Dubois le agarró del brazo y le hizo dar media vuelta.
—¡Al demonio el riesgo previsto! Dak, siempre he estado a tu lado en todo, pero esta vez, y antes de que puedas decir otra palabra más, uno de nosotros dos va a tener que tragarse los dientes.
Broadbent pareció sorprendido, y luego sonrió fríamente a Dubois.
—¿Crees que puedes hacerlo, hijito?
Dubois le miró firmemente y no dio un paso atrás. Broadbent era una cabeza más alto que su compañero, y quizá pesaba veinte kilos más. Por primera vez sentí simpatía hacia Dubois; siempre me ha gustado la audacia de un gatito, el coraje de un gallo de pelea o el valor de un hombre para morir en su puesto antes que humillarse ante el enemigo más fuerte… Y aunque no creía que Broadbent llegase a matarle, estaba seguro de que iba a ver a Dubois arrastrándose por el suelo como un trapo.
No tenía la menor intención de intervenir en aquella inminente pelea. Todo el mundo tiene derecho a elegir el momento y la manera de su propia destrucción.
Pude ver como la tensión iba en aumento. Luego, de repente, Broadbent se echó a reír y le palmeó la espalda a Dubois.
—¡Eres un valiente, Jock! —Se volvió hacia mí y dijo tranquilamente—: ¿Quiere excusarnos un momento? Mi amigo y yo tenemos que fumar la pipa de la paz.
El departamento estaba equipado con un rincón reservado, donde había un videófono y el autosecretario. Broadbent cogió a Dubois por el brazo y le llevó hasta allí. Los dos quedaron de pie y empezaron a hablar con excitación.

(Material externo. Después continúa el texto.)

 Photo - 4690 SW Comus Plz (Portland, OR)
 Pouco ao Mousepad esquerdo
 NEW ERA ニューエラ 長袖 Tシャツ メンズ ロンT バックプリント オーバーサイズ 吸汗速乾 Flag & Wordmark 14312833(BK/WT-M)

Muchas veces los lugares semejantes en sitios públicos, tales como los hoteles, están lejos de ser a prueba de indiscreciones; el sonido no llega a anularse por completo. Pero el Eisenhower era un hotel de primera clase, y por lo menos en esta ocasión, el dispositivo interceptor de sonidos funcionó perfectamente; podía ver el movimiento de sus labios, pero no pude oír nada.

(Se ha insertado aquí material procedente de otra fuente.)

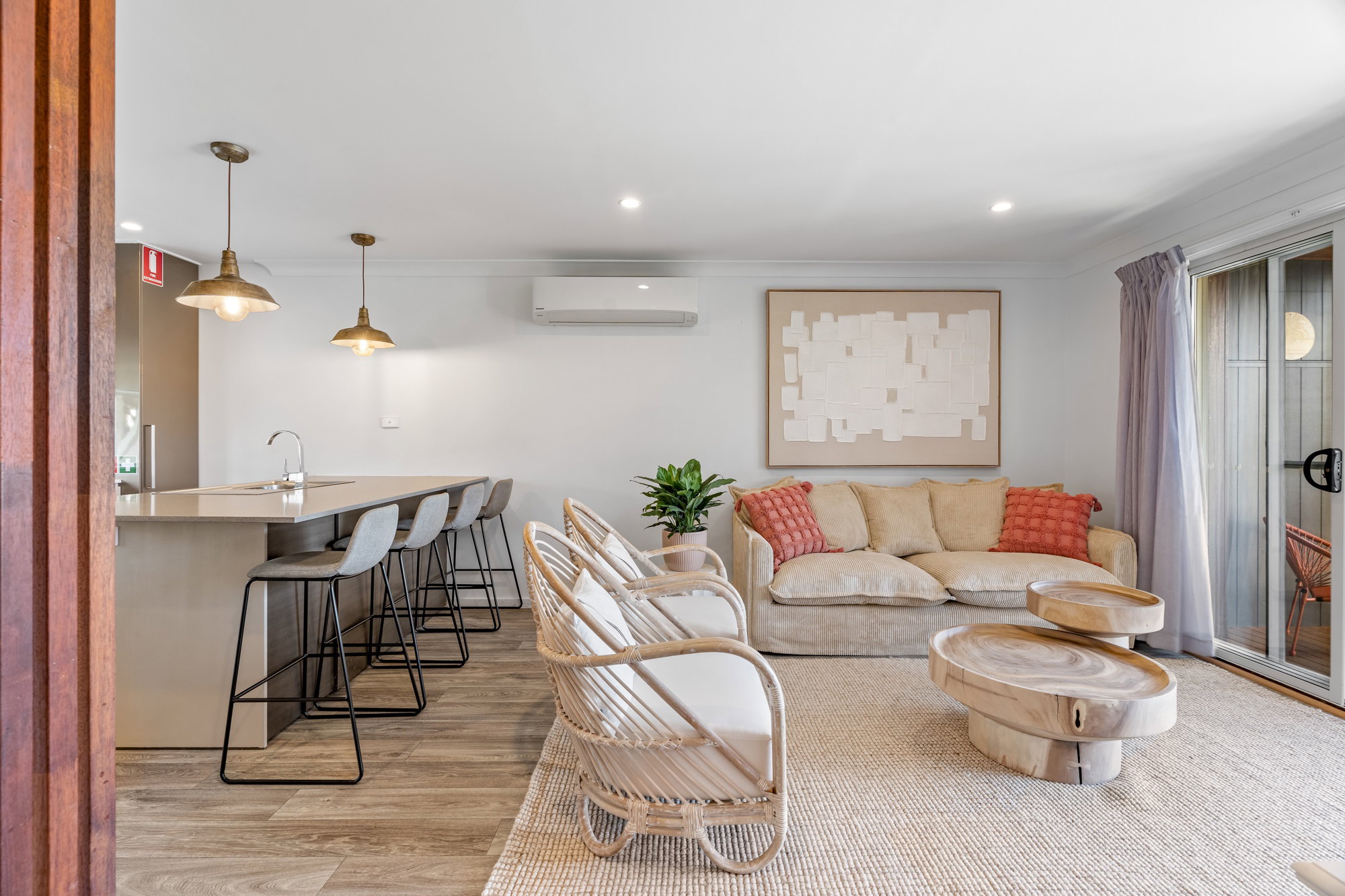 Furnished 2 Bedroom House in Buff Point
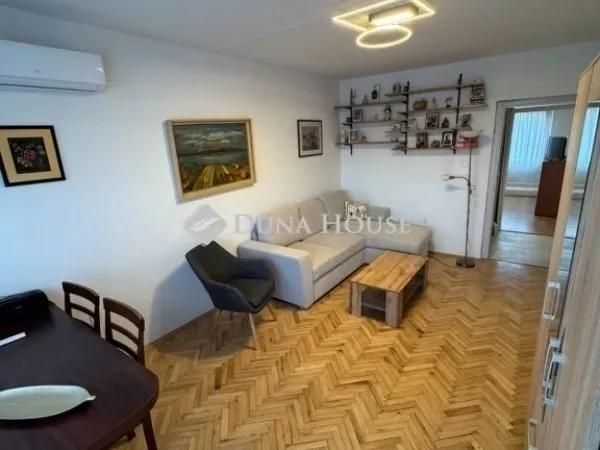 Eladó lakás Pécs, Kertváros 50 nm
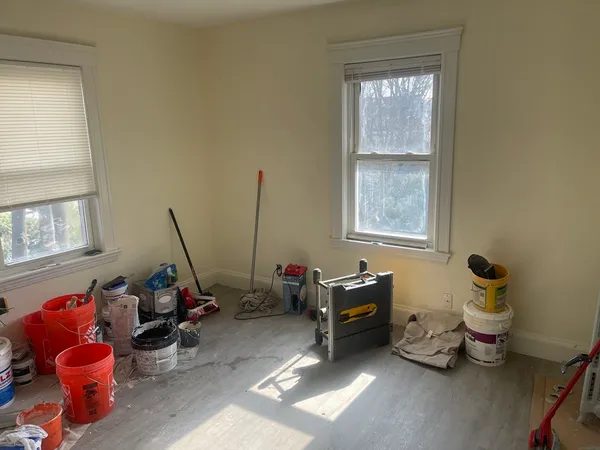 $1,975 | 700 Metropolitan Avenue, Unit 3R, Boston, MA 02136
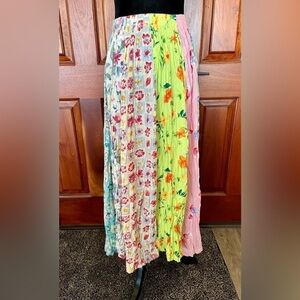 Vtg 90s Maxi Skirt Pastel Floral Broomstick Crinkle Pleat Cottage core Boho OS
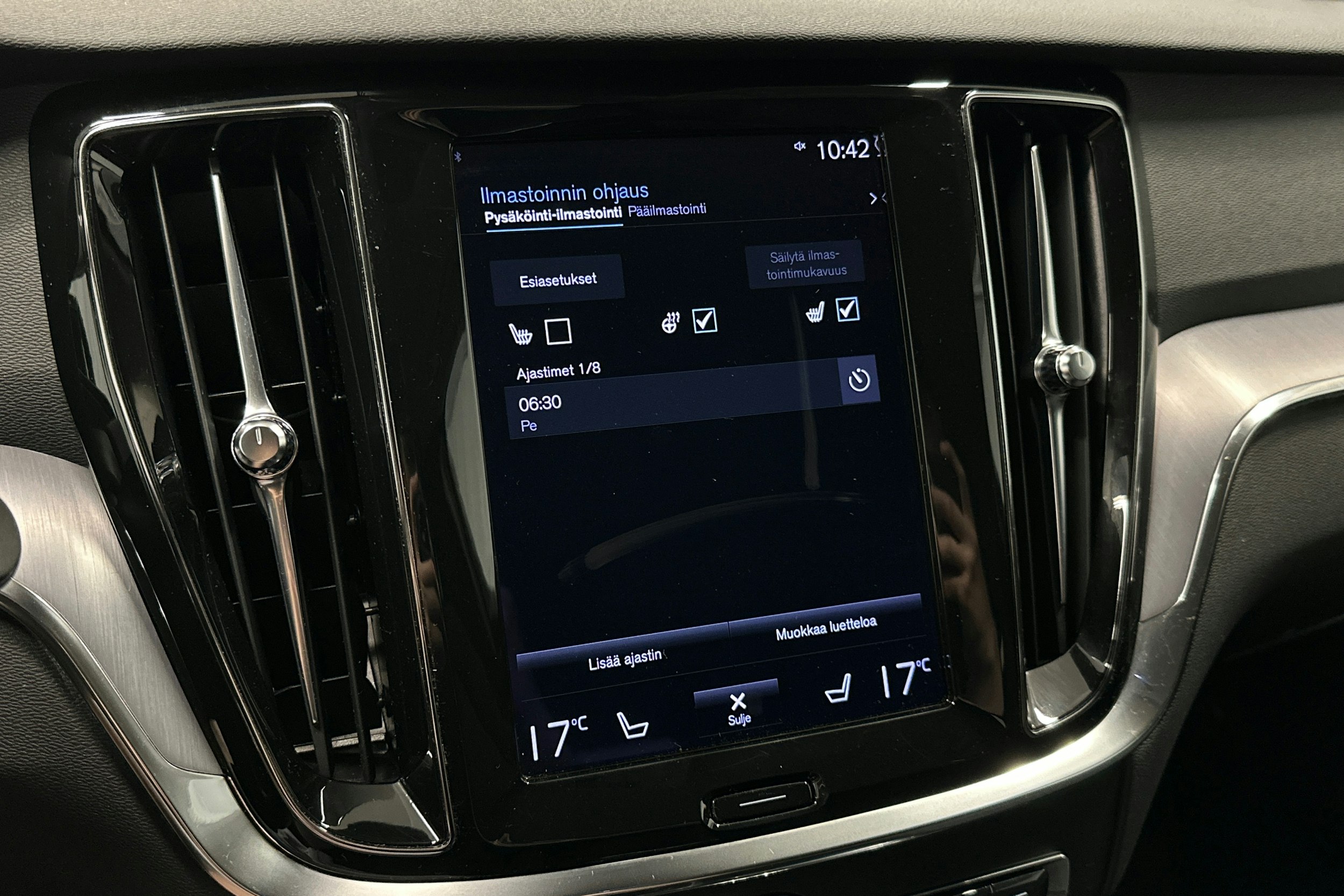 musta Volvo V60 2020 kuva 27.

Sin embargo, me bastaba con ver el movimiento de sus labios. El rostro de Broadbent estaba vuelto hacia mí, mientras que el de Dubois se reflejaba en un espejo de la pared. Cuando trabajaba en mi famoso acto mentalista, muchas veces di gracias a que mi padre me había calentado las posaderas hasta que aprendí el lenguaje de los labios; en esas representaciones, siempre trabajaba en una sala brillantemente iluminada y usaba unas gafas especiales que me permitían… Pero eso no importa ahora; basta decir que puedo leer las palabras en el movimiento de los labios.
Dubois estaba hablando.
—Maldición, Dak, eres el mayor estúpido que he conocido; aparte de otras cosas que no quiero mencionar por lo feas que son, ¿es que quieres que terminemos cargando rocas en Titán? Ese presumido charlatán acabará por irse de la lengua y denunciarnos a todos.
Casi me perdí la respuesta de Broadbent. ¡De modo que presumido! Aparte de una legítima apreciación de mi genio, siempre me había considerado un hombre modesto.
—No me importa que las cartas estén marcadas; no tenemos otra baraja —repuso Broadbent—. Jock, no hay ningún otro hombre a quien podamos usar.